Þórunn Jónassen, also Þórunn Hafstein Pétursdóttir (1850–1922) was an Icelandic feminist, the first chair of Thorvaldsensfélagið (Thorvaldsen's Society), Iceland's oldest women's association, a post she maintained for 47 years. She was also one of four pioneering women who were elected to Reykjavík's city council in 1908. Alongside her in City Council were three other newly elected women; Bríet Bjarnhéðinsdóttir, Guðrún Björnsdóttir and Katrín Magnússon.

==Biography==
Born in Ketilsstaðir á Völlum near Vallanes in eastern Iceland, Þórunn Jónassen was the daughter of Pétur Havstein, a magistrate, and Guðrún Hannesdóttir Stephensen.

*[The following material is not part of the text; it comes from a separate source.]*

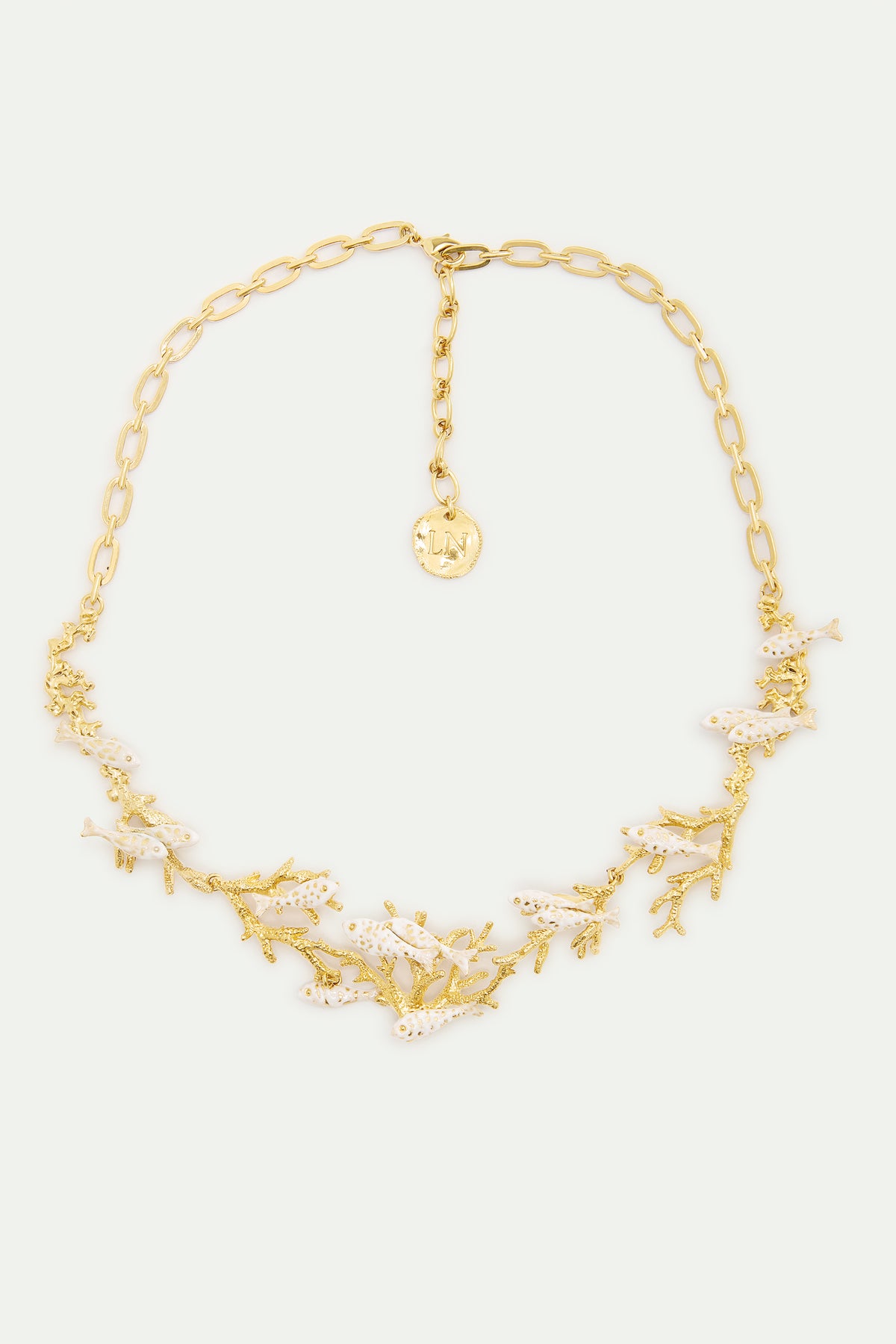 Collier plastron coraux dorés et poissons blancs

Following her mother's death when she was only 10 months old, she was raised by foster parents and relatives. She completed her education in Copenhagen at Natalie Zahle's School where she was introduced to the importance of fighting for women's rights and education. On returning to Iceland, in 1871 she married Jónasi Jónassen, a physician at Reykjavík's hospital. They had one daughter, Soffía, born in 1873.

In 1875, Þórunn was elected the first chair of Thorvaldsensfélagið, a women's association dedicated to promoting public health and to assisting those in difficulty. She remained in the post until she died 47 years later. She also served as secretary of the National Health Insurance Board and was elected to the city council of Reykjavík in 1908.

Þórunn Jónassen died in Reykjavík on 18 April 1922.